◆ **WHAT IS REQUIRED**
Please return each of the entries exactly, minus their pictures.

◆ **DATA IN THIS EXERCISE**
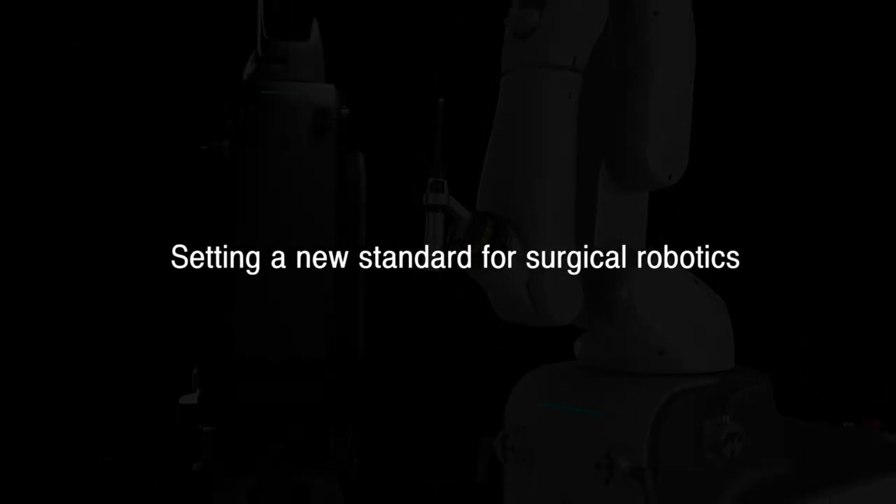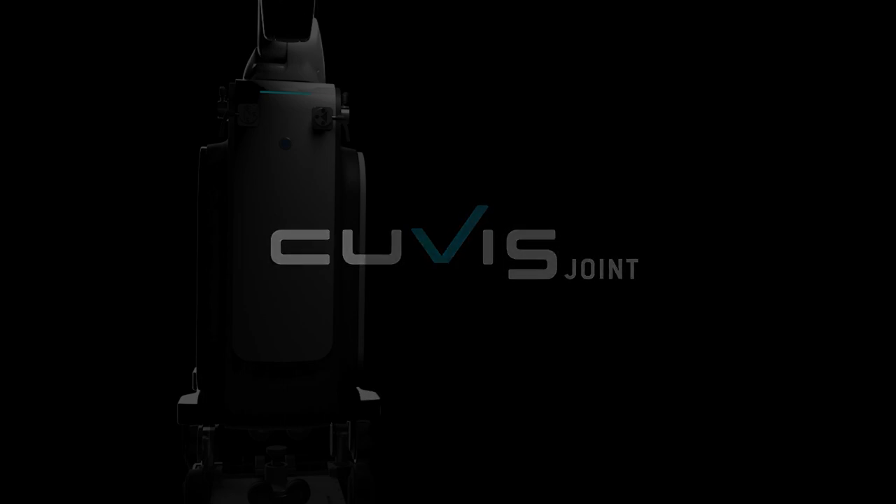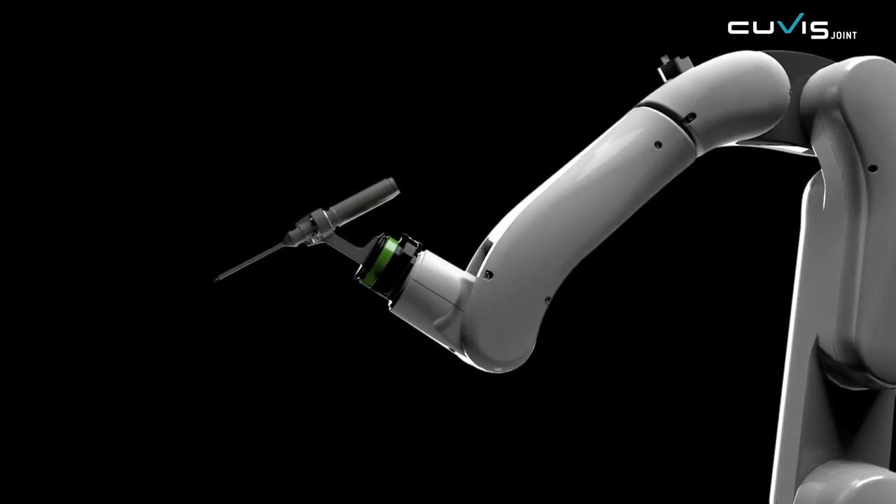Setting a new standard for surgical robots by developing groundbreaking innovations: QVIS Joint, a user-friendly surgical robot. Flexible, simple, innovative, and easy.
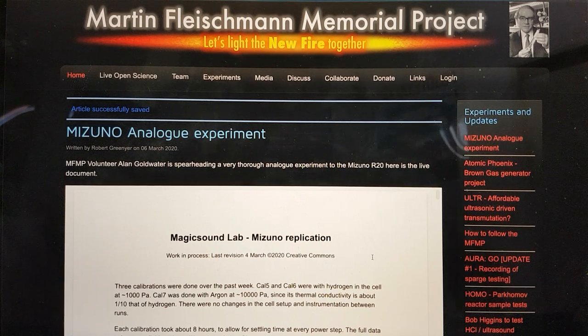Hi, my name is Bob Grinja and I'm a volunteer with the Martin Fleischman Memorial Project. I just wanted to give you a quick update on the Mizuno Analog Experiment.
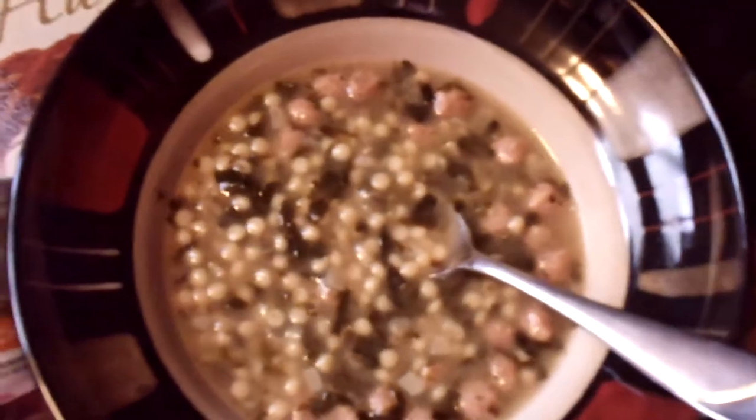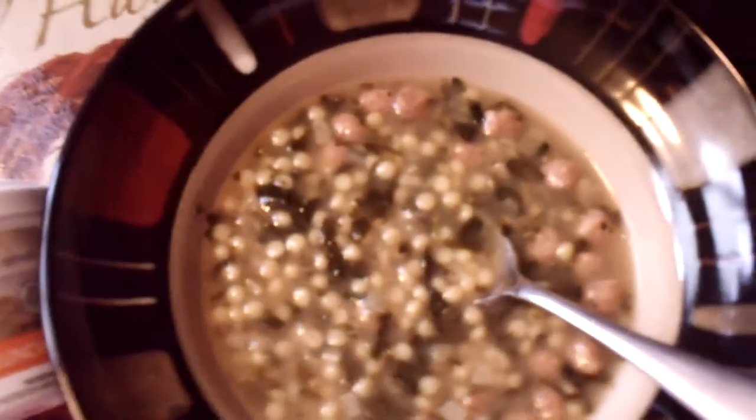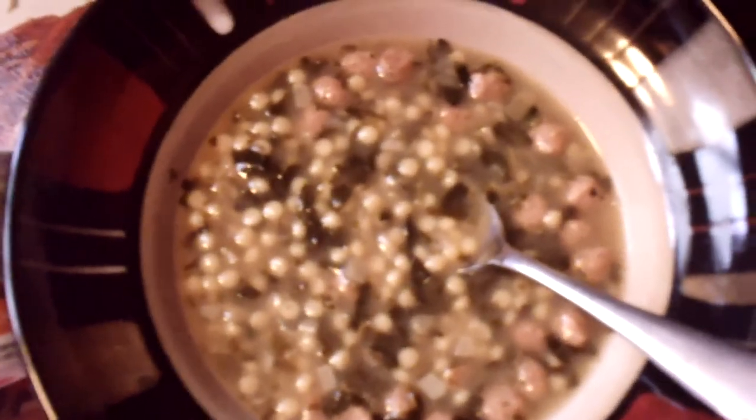Sometimes I have a salad with it, or some fruit. I've been on the Nutrisystem program 10 weeks and lost over 24 pounds. So if you're thinking of joining, I'm not sure what's holding you back.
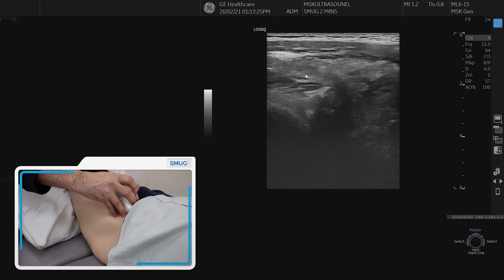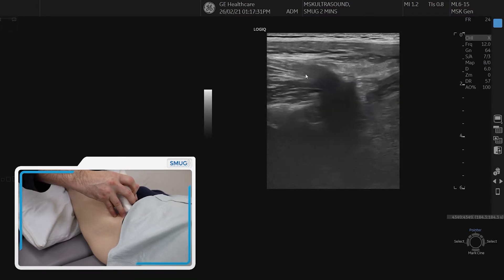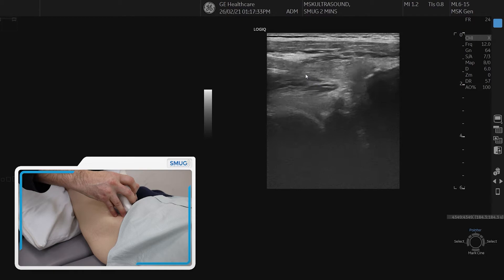The nice thing about this is we can also see the joint underneath it. If I optimize the joint a little bit, you can see the capsule, and then the acetabulum. So you get some information about the anterior joint at the same time.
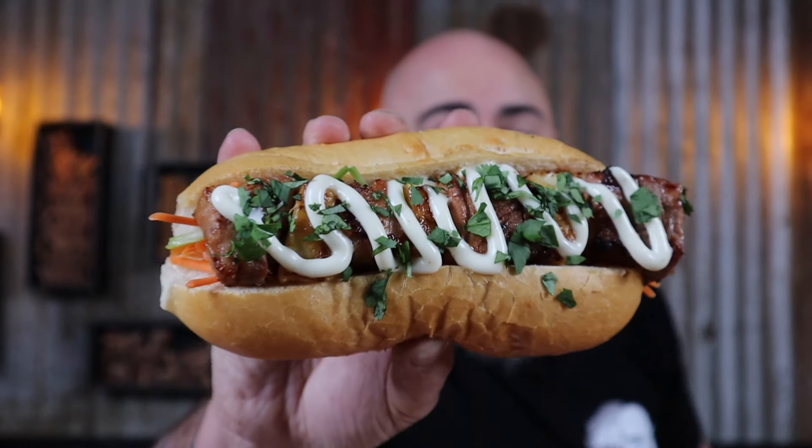Does pineapple belong on a pizza? Who cares? But it definitely belongs in this dish — sweet and sour pork belly. Wrap your laughing gear around that. Mmm.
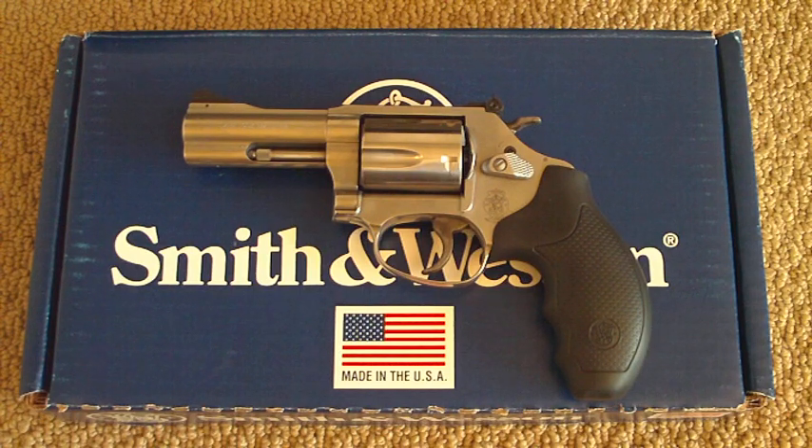About two months ago, I sent my 617 back to Smith & Wesson for the second time. With it I sent a letter, and I ended up getting called by a customer service representative and we talked. I told them that I didn't want my old Smith & Wesson 617 back — even if they fixed it, I just didn't really want it back anymore. We'd had enough problems with it, and I didn't want a brand new 617, but I would prefer a different pistol chambered in a different caliber altogether.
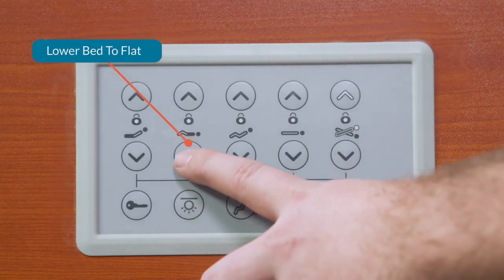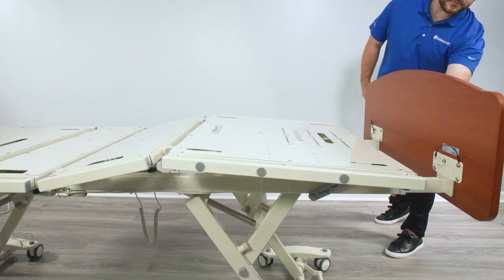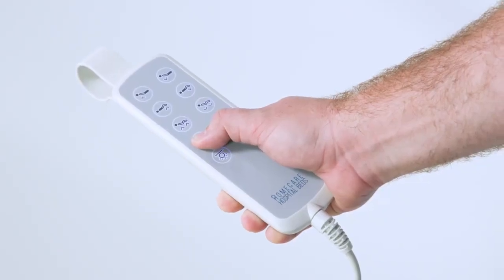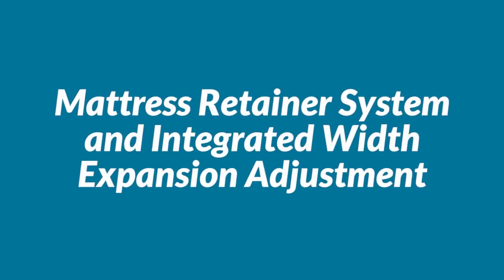Using the staff control panel, lower the foot of the bed to a flat position. Lower the bed to ensure the moving parts will not pinch or shear the cable. Raise the bed back to the highest position. Mattress retainer system and integrated width expansion adjustment.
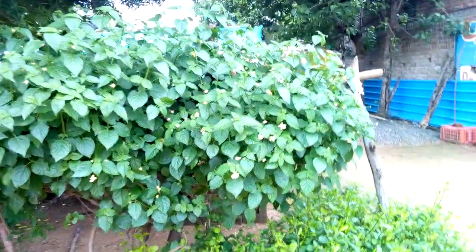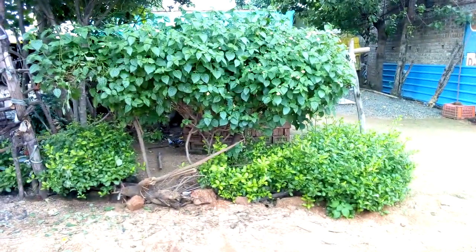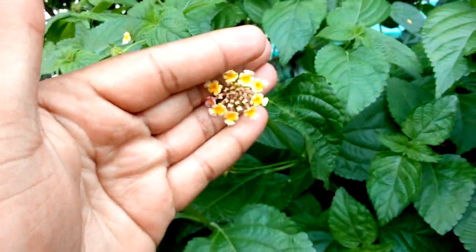This plant — look at it, it's beautiful. See this lantern-like appearance. It has beautiful flowers and beautiful leaves. These leaves look like hibiscus leaves.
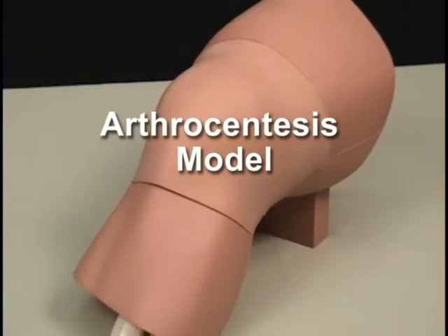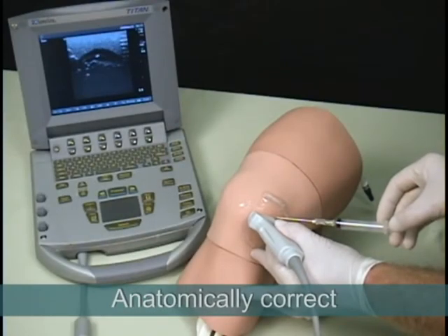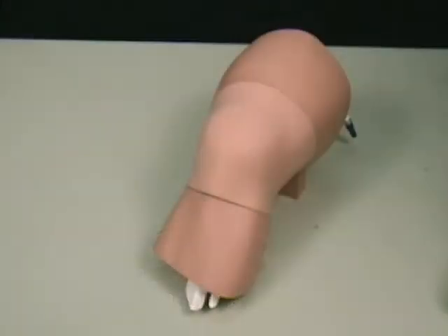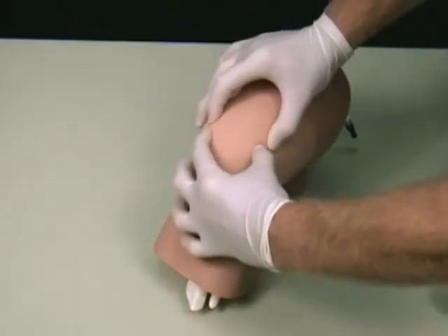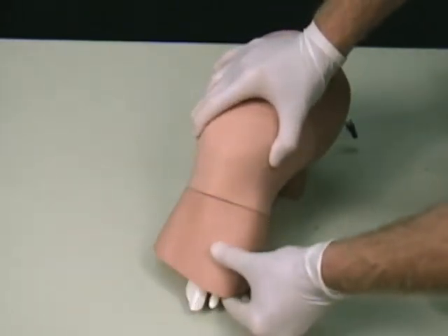Simulab's arthrocentesis model is a realistic soft tissue trainer that includes all anatomy significant to the procedure. The ultrasound-compatible model represents an extended left leg and includes the patella, patella ligament, tibia, fibula, femur, synovial sac, and synovial fluid.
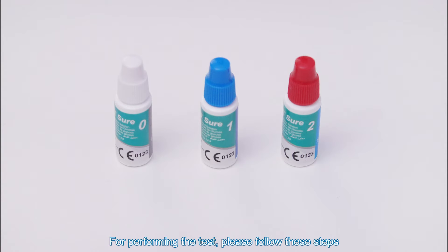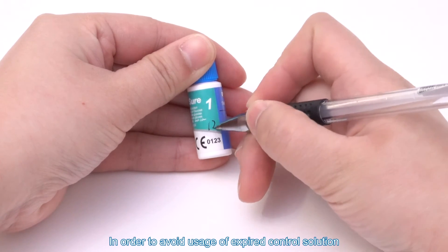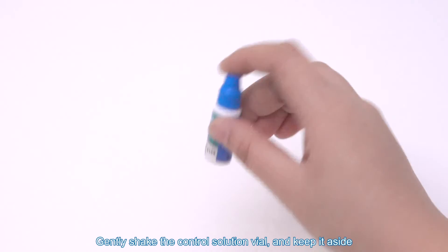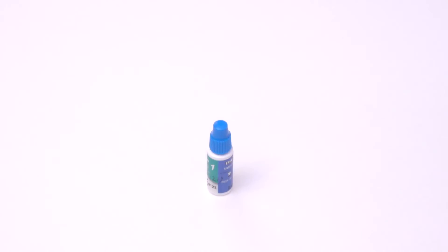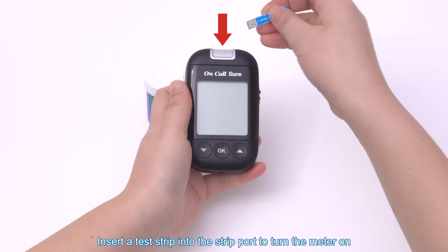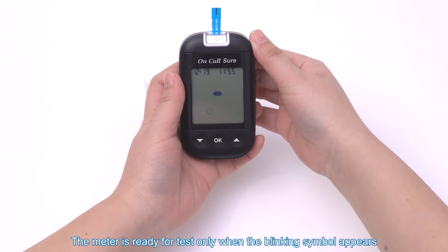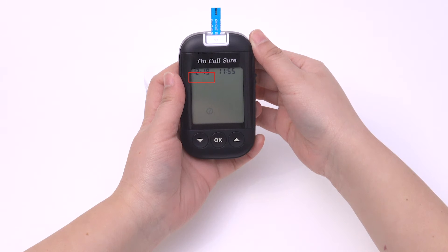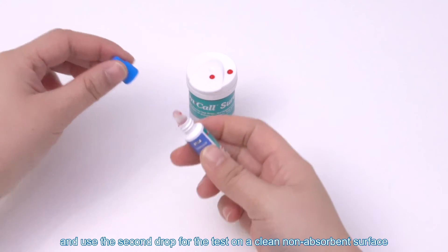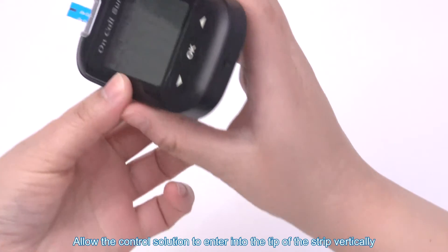For performing the quality control test, please follow these steps. Mark the date on the vial during the first opening to avoid usage of expired control solution. Gently shake the control solution vial and keep it aside. Insert a test strip into the strip port to turn the meter on. The meter is ready for test only when the blinking symbol appears. Discard the first drop of control solution and use the second drop for the test on a clean non-absorbent surface. Then close the bottle tightly.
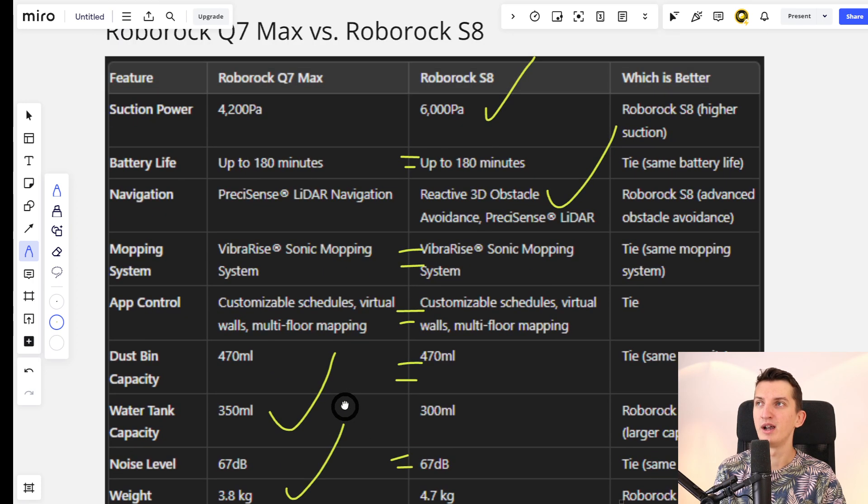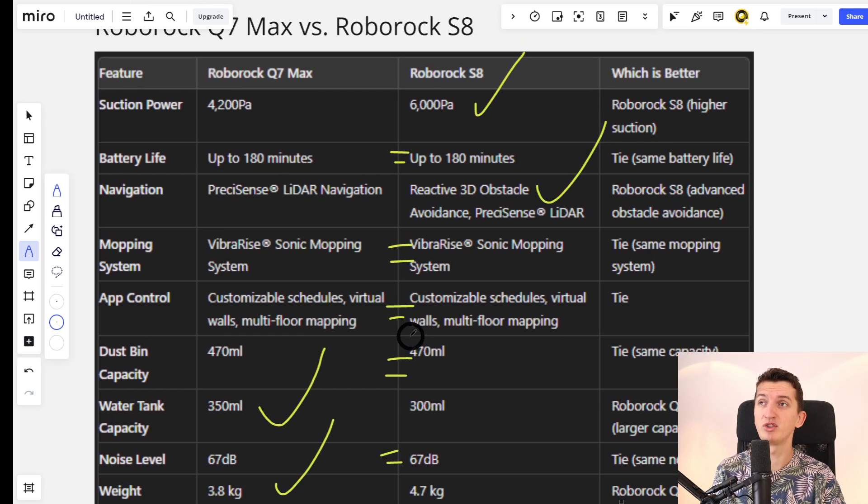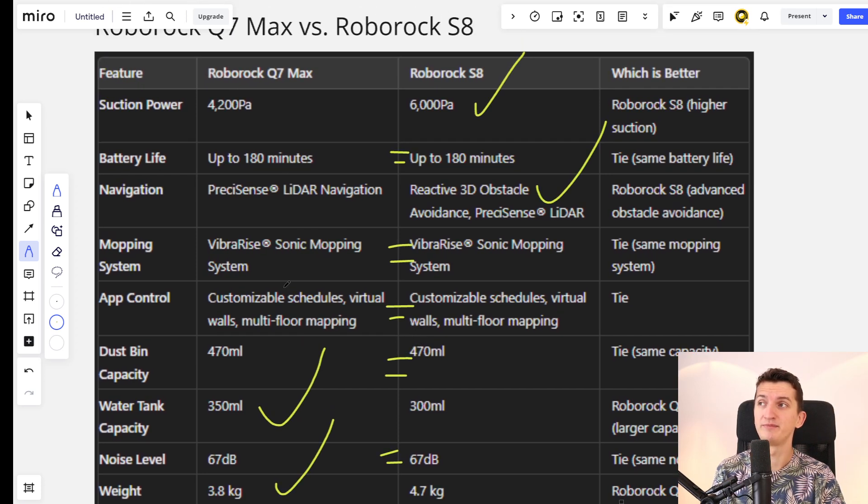Weight is better for the Roborock Q7 Max. To recap: the S8 has better suction power, the battery life is similar, the mopping system is similar, and app control is similar. That's pretty much it for this quick comparison video.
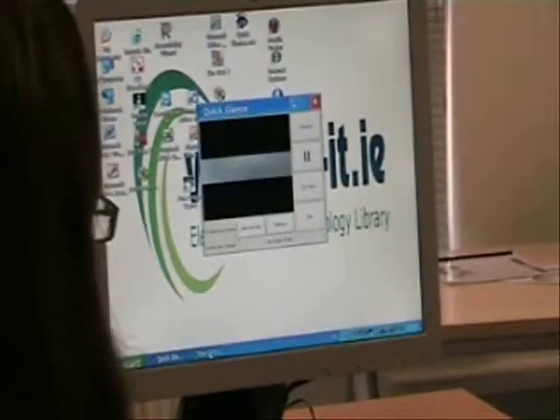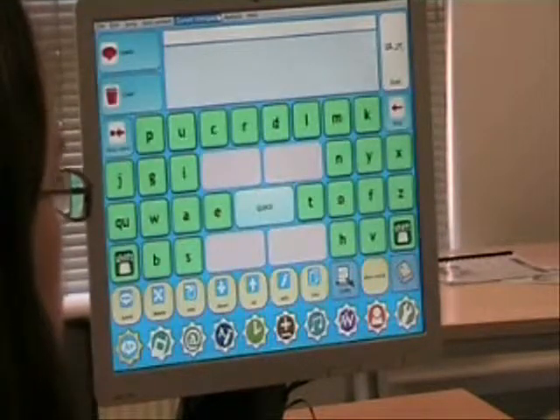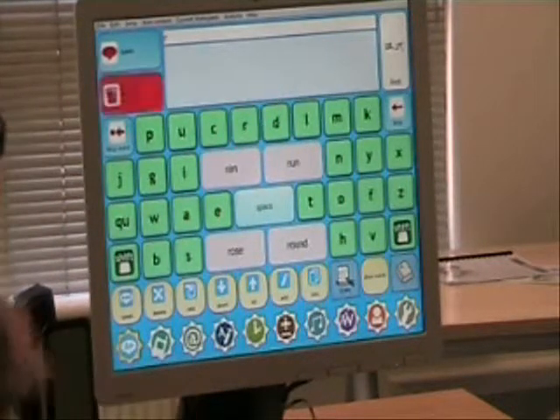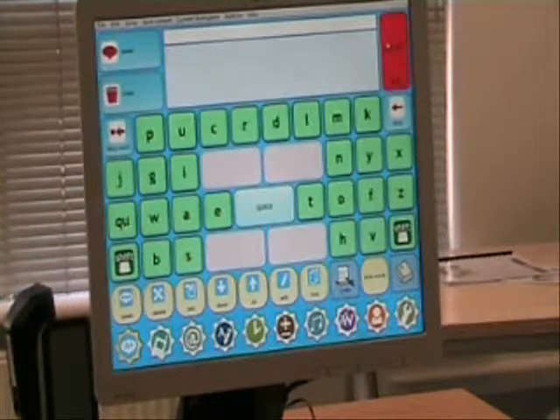What I'm going to do now is open up the software called Grid 2. This software allows you to control the computer, as I said earlier. We have it arranged by frequency of use for people who use eye gaze, so the letters you use more often are in the centre of the screen.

◆ **WORKED SOLUTION**
Setting a new standard for surgical robots by developing groundbreaking innovations: QVIS Joint, a user-friendly surgical robot. Flexible, simple, innovative, and easy.
Hi, my name is Bob Grinja and I'm a volunteer with the Martin Fleischman Memorial Project. I just wanted to give you a quick update on the Mizuno Analog Experiment.
Sometimes I have a salad with it, or some fruit. I've been on the Nutrisystem program 10 weeks and lost over 24 pounds. So if you're thinking of joining, I'm not sure what's holding you back.
The nice thing about this is we can also see the joint underneath it. If I optimize the joint a little bit, you can see the capsule, and then the acetabulum. So you get some information about the anterior joint at the same time.
Does pineapple belong on a pizza? Who cares? But it definitely belongs in this dish — sweet and sour pork belly. Wrap your laughing gear around that. Mmm.
About two months ago, I sent my 617 back to Smith & Wesson for the second time. With it I sent a letter, and I ended up getting called by a customer service representative and we talked. I told them that I didn't want my old Smith & Wesson 617 back — even if they fixed it, I just didn't really want it back anymore. We'd had enough problems with it, and I didn't want a brand new 617, but I would prefer a different pistol chambered in a different caliber altogether.
Using the staff control panel, lower the foot of the bed to a flat position. Lower the bed to ensure the moving parts will not pinch or shear the cable. Raise the bed back to the highest position. Mattress retainer system and integrated width expansion adjustment.
This plant — look at it, it's beautiful. See this lantern-like appearance. It has beautiful flowers and beautiful leaves. These leaves look like hibiscus leaves.
Simulab's arthrocentesis model is a realistic soft tissue trainer that includes all anatomy significant to the procedure. The ultrasound-compatible model represents an extended left leg and includes the patella, patella ligament, tibia, fibula, femur, synovial sac, and synovial fluid.
For performing the quality control test, please follow these steps. Mark the date on the vial during the first opening to avoid usage of expired control solution. Gently shake the control solution vial and keep it aside. Insert a test strip into the strip port to turn the meter on. The meter is ready for test only when the blinking symbol appears. Discard the first drop of control solution and use the second drop for the test on a clean non-absorbent surface. Then close the bottle tightly.
Weight is better for the Roborock Q7 Max. To recap: the S8 has better suction power, the battery life is similar, the mopping system is similar, and app control is similar. That's pretty much it for this quick comparison video.
What I'm going to do now is open up the software called Grid 2. This software allows you to control the computer, as I said earlier. We have it arranged by frequency of use for people who use eye gaze, so the letters you use more often are in the centre of the screen.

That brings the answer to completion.